Recruteuse pour la Nasa

Fascinée par les voyages dans l'espace, et pas seulement à l'écran. elle a participé à une mission de l'observatoire d'astronomie C-141 à haute altitude pour étudier les atmosphères de Mars et de Saturne. De la fin des années 1970 à la fin des années 1980, Nichelle Nichols était chargée par la Nasa de recruter des candidats astronautes issus de la diversité, comme dans cette video de 1977 :

Beaucoup de ses recrues étaient des femmes ou des astronautes issus de minorités, dont Guion Bluford, le premier astronaute afro-américain ; Sally Ride, qui fut la première Américaine astronaute ; Judith Resnik, qui périt lors de l'accident de Challenger, en 1986, et Ronald McNair, deuxième astronaute afro-américain, lui aussi victime de l'accident de la navette Challenger.

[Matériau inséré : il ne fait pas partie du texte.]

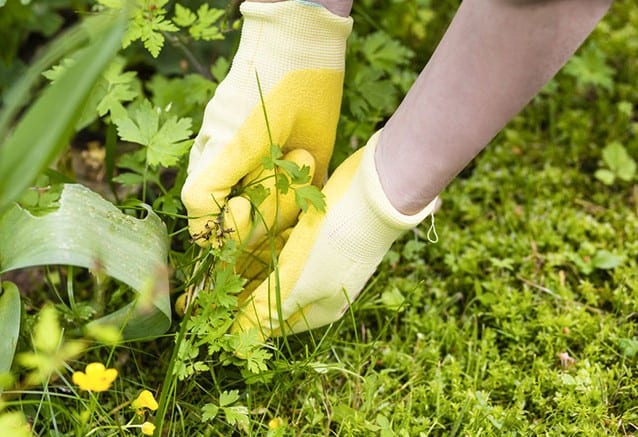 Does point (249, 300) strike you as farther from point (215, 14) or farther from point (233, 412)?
point (215, 14)

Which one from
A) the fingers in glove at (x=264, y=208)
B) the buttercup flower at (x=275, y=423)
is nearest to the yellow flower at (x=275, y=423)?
the buttercup flower at (x=275, y=423)

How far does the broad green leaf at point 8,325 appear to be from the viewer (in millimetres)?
1307

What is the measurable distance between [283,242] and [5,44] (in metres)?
1.12

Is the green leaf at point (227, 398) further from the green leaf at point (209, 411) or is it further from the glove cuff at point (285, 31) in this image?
the glove cuff at point (285, 31)

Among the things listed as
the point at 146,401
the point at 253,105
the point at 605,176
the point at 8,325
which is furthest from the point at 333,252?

Aujourd'hui, la Nasa rend hommage à cette "pionnière et modèle, qui a symbolisé pour beaucoup tous les possibles. Elle fut notre associée pour recruter les premières femmes et astronautes issus de minorités. Elle a encouragé des générations entières à viser les étoiles."

Le président américain Joe Biden a lui aussi rendu hommage à Nichelle Nichols, qui a "brisé les stéréotypes... Notre nation a perdu une pionnière de la scène et de l'écran qui a redéfini ce qui est possible pour les Noirs américains et les femmes".